Las tropas alemanas atraviesan una localidad belga. El rápido avance de los tanques había destrozado las defensas aliadas.

Los soldados belgas no pueden reaccionar contra los invasores que han llegado desde el cielo. Sus casamatas y nidos de ametralladoras tienen, lógicamente, sus aberturas dirigidas hacia el exterior del fuerte. Nadie había imaginado que los ataques pudieran proceder del interior.

Aún así, los defensores salen de los túneles y comienzan a hostigar a los paracaidistas germanos desde las zonas boscosas. La batalla se alargará durante todo el día. No será hasta el mediodía del día siguiente, el 11 de mayo, cuando, después de oírse una trompeta, un soldado belga aparezca con una bandera blanca. La fortaleza, preparada para resistir durante meses ha cedido en tan sólo 36 horas. El detalle más espectacular es el hecho de que ese milagro lo haya conseguido ¡un pequeño grupo de 55 paracaidistas!

El éxito de la operación no es fruto de la casualidad. Aquellos hombres se habían entrenado concienzudamente durante meses en una reproducción a escala del fuerte que había sido construida en secreto en Alemania, por lo que nada había sido dejado al azar.

Pero el ataque alemán no se reduce a la toma de aquella estratégica fortaleza. En el mismo momento en que los planeadores estaban aterrizando sobre el fuerte, la Wehrmacht había entrado, además de en Bélgica, en Holanda y Luxemburgo. Acababa de comenzar la guerra relámpago en el oeste. De este modo, Europa volvía al mismo punto en el que se encontraba en 1914. Los alemanes atacaban de nuevo con la ciudad de París como meta; entonces fracasaron, quedándose a pocos kilómetros, pero en esta ocasión el ejército germano ha aprendido de sus propios errores. Por lo que se verá después, los franceses no podrán decir lo mismo.

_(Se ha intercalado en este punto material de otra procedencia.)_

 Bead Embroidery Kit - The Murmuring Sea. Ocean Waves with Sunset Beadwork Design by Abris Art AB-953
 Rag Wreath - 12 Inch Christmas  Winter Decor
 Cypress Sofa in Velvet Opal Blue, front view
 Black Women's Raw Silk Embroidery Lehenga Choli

UNA DEFENSA TAN COSTOSA COMO INÚTIL

La terrible experiencia de la Primera Guerra Mundial había llevado, tanto a alemanes como a franceses, a tomar sus propias medidas para evitar que un enfrentamiento en el oeste desembocase de nuevo en una sangrienta guerra de trincheras.

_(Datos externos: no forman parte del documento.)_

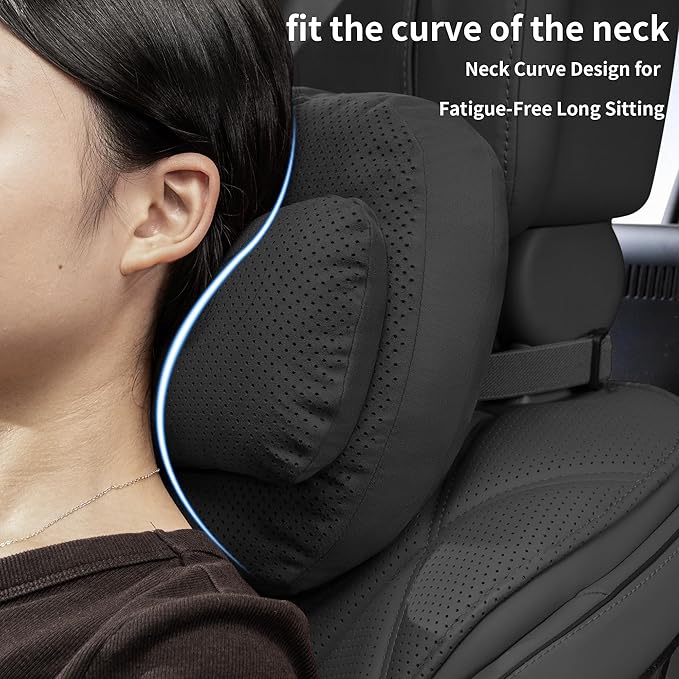 Car Headrest Pillow, Suede Car Headrest Pillow for Neck Support with Adjustable Strap, Universal Fit Head Rest Travel Pillow Car Pillow for Pain Relief (Black)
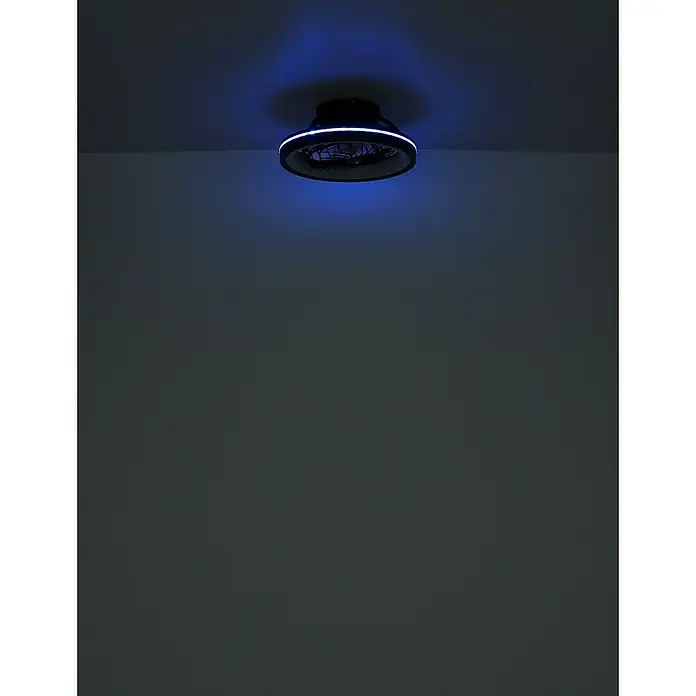 Globo Ventilador de techo Deanne - 40 W, Diámetro: 480 mm, Negro mate - Primer plano de una lámpara de techo con iluminación azul, que muestra un diseño moderno y elegante.
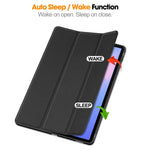 For Samsung Galaxy Tab S10 FE+ Stand Case Shock-Absorbent Leather Tablet Cover with Pen Slot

Los teóricos germanos habían desarrollado, tal como hemos visto en el capítulo dedicado a la invasión de Polonia, los principios de la guerra relámpago. Es decir, consideraban que el mejor remedio para evitar el estancamiento del frente era la movilidad. Este planteamiento se demostró como el acertado.

Sin embargo, los gobernantes galos de entreguerras creyeron que lo mejor era evitar que las tropas enemigas pudieran entrar en territorio francés. Para ello apostaron por crear una línea defensiva de tal solidez que permitiese rechazar cualquier ataque, con los soldados cómodamente apostados en su muralla. Este concepto fue lanzado por el que fue ministro de la Guerra entre 1929 y 1931, André Maginot, quien había sufrido la guerra de trincheras como soldado raso y aspiraba a que nadie volviera a pasar por aquellas penalidades inhumanas.

Por lo tanto, se inició la construcción de la que se denominaría Línea Maginot en su honor. Era un sofisticado sistema de fortificaciones compuesto de búnkeres de cemento y acero, unidos por una red de túneles que incluso contaba con un pequeño tren subterráneo, capaz de trasladar las tropas de un punto a otro de la línea. Las entradas se encontraban en la retaguardia, cuidadosamente ocultas y alejadas del frente, por lo que era casi imposible que unas tropas de asalto lograran penetrar. Al igual que el fuerte de Eben Emael, las instalaciones eran totalmente autosuficientes, al contar con generadores eléctricos propios.

Pero, del mismo modo que los alemanes supieron aprovechar el único punto débil de la fortaleza belga gracias al asalto desde el aire, también el ejército germano supo ver enseguida la única manera que existía de rebasar esa formidable defensa, aunque esa idea era tan sencilla que se le pudo haber ocurrido a un niño.

La Línea Maginot, de 400 kilómetros de longitud, comenzaba en la frontera suiza y proseguía por todo el límite con Alemania, pero se detenía al llegar a Luxemburgo, dejando desprotegida toda la línea fronteriza con Bélgica, al estar considerada como un país amigo desde el que no podía proceder una invasión. Inexplicablemente, no se les había pasado por la cabeza que los alemanes podían atravesar Bélgica y entrar por allí en territorio francés, un plan que, por otra parte, era el que ya habían seguido las tropas del Káiser en 1914.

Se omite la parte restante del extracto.